Time tends to assume a malevolent, almost parasitical nature in many of my books, such as in my first novel Confusion or my short story "The Yellow Notebook." Perhaps this is why, at a young age, I gravitated towards Ancient Egypt and its myths. Something about the Ancient Egyptian obsession with immortality and their desire to triumph over death appealed to the young me (and I suppose still does). And I adore the following 12th-century Arab proverb: "Man fears time, but time fears the Pyramids." 

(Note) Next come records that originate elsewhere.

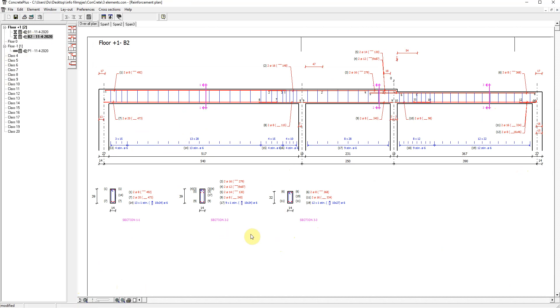Concrete Plus is the perfect software to automatically create reinforcement drawings and cutting lists, and therefore boost your productivity regarding the design of concrete beams and one-way slabs.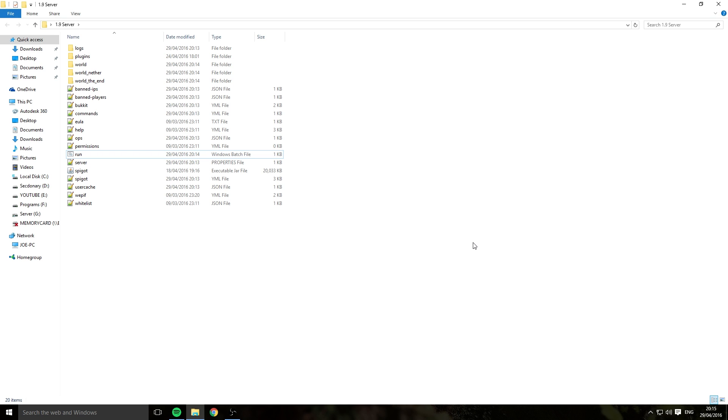So if you haven't got a Minecraft server, please go down below to the description and while you're down there, make sure you hit the like button. But you will see two links, you can make a vanilla or a CraftBukkit slash Spigot server. I'd recommend making a CraftBukkit or Spigot server, you can do a lot more things with them.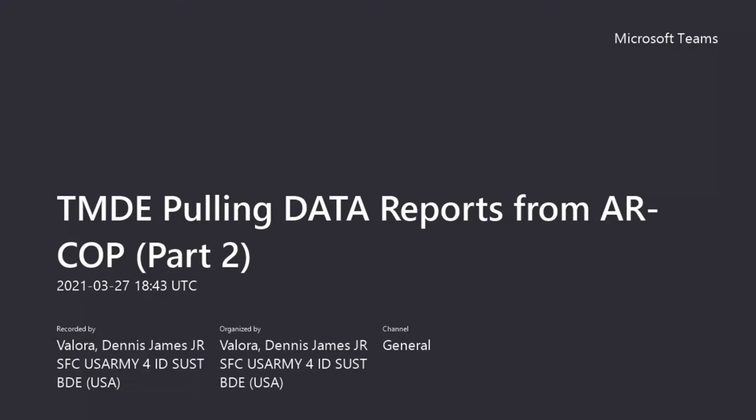And as always, Go Ordnance. Here back with part two of our series on TMDE. Today I'm going to teach you guys how to pull your data reports from RCOP. If you've ever used RCOP before, there is so much data that you can actually pull, but to me as a maintenance manager it's not at times user friendly. Without further ado, let's jump into ASIPS.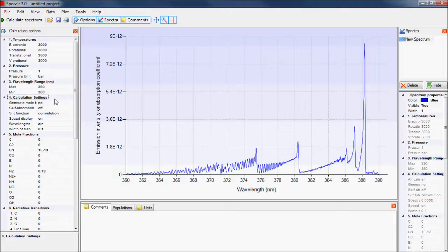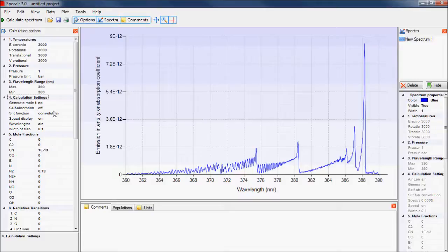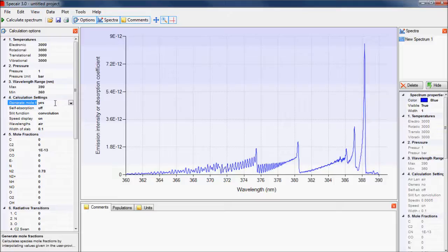Usually, the composition of the gas is specified by the user in the mole fraction sections below, but for air at atmospheric pressure, SpecAir can automatically calculate these instead by setting generate mole fractions to yes.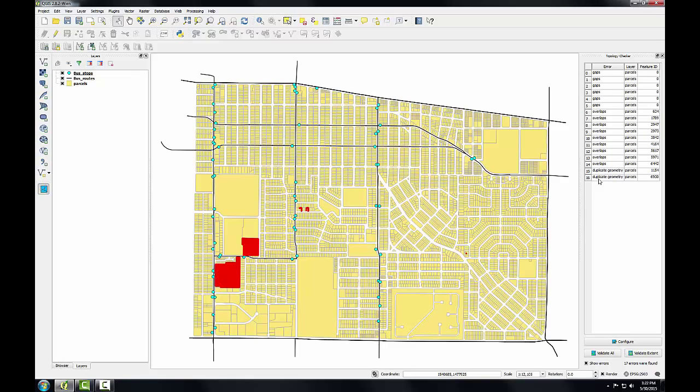In the next task, we'll edit the parcel layer to eliminate these errors, which include some of each. There's some errors in gaps, overlaps, and duplicate geometries.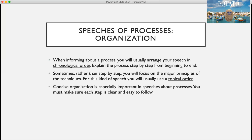When informing about a process, you will usually arrange your speech in chronological order, because you are explaining step by step from beginning to end. Sometimes, rather than step by step, you will focus on the major principles or techniques — for this kind of speech, you will usually use topical order. Concise organization is especially important in speeches about processes; you must make sure that each step is clear and easy to follow.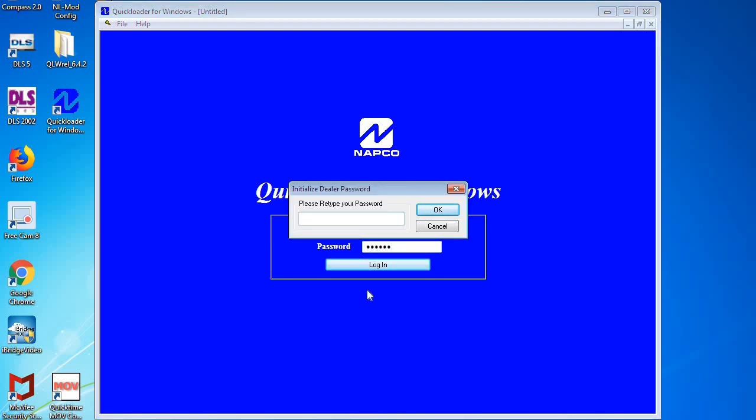Then it's going to ask you to retype your password. This will be whatever password that you want it to be, again your master password. But we suggest that you write it down because you will need this to do administrative things in Quick Loader.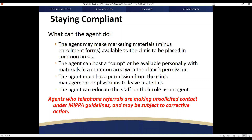You can host camps at different locations with a provider's permission — it has to be done in a common area with that practice's permission, and you need permission to leave different pieces of material. It's not one of those drive-by drop-off situations where you're leaving information about your insurance practice with everyone in a network without permission. It's also important to note that if you make telephone referrals, you're making unsolicited contact under MIPA guidelines and could be subjected to corrective action. It's important to have the patient call you, and you can do so by making appropriate marketing material available to be placed in common areas.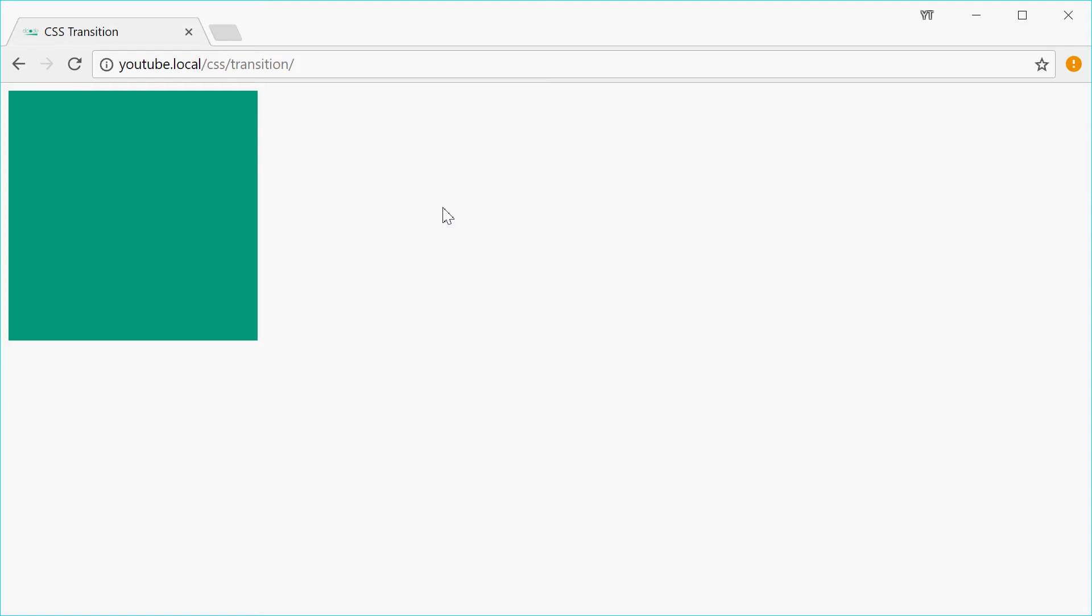It allows you to add a simple animation or transition effect to your elements when a property of the element changes. For example, you can make it so when you hover over this square right here, it'll fade away and this is done by adding a transition effect to the opacity CSS property.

I should stress that apart from attending Mass every week I wasn’t particularly religious (spiritual would be a more fitting term), and to be honest, the only reason I went was because my parents made us: it wasn't until my late 20's that I took a serious interest in the subject, though I suppose that it could be said that Christian iconography and symbolism has pretty much appeared in almost everything I've written. We did have a copy of the Bible in our home, the 1963 Saint Joseph Textbook Edition Confraternity Version with a green cover and red-lined pages, and every now and then when I was bored I would crack it open. I never read the whole thing, but there were certain sections that I would go back to over and over again because they had captured my interest. The Book of Genesis was a favorite: I liked reading about God creating the Earth from nothing, the Serpent’s temptation of Eve, the expulsion of Adam and Eve from the Garden of Eden, Cain’s slaying of Abel, and the story of Noah’s Ark and the Flood, though after that I found most of the rest of it boring. The Seven Plagues of Egypt fascinated me, as did the pessimism of Ecclesiastes and the Four Gospels of the New Testament: Christ was a source of endless fascination to me back then, and he remains so to this day. But my favorite book of the Bible, by far, was the Book of Revelations, which captivated me like no other section of the Bible did. The lurid descriptions of multi-headed beasts rising from the oceans to lay waste to the cities of Man reminded me of the Japanese monster movies I so enjoyed watching on Saturday afternoons (to quote from Revelation 13:1: “And I stood upon the sand of the sea, and saw a beast rise up out of the sea, having seven heads and ten horns, and upon his horns ten crowns, and upon his heads the name of blasphemy”). One thing I loved about this Bible (so much so that in 2019 I would end up buying my own copy of it, off eBay), was how when you first opened the book, on the inner cover pages, there were pictures of Old Testament patriarchs and prophets, along with two images of Yahweh, one of which depicted Him as a very Illuminati-looking "Eye in the Pyramid." This was an illustration that fascinated me, when I was a child.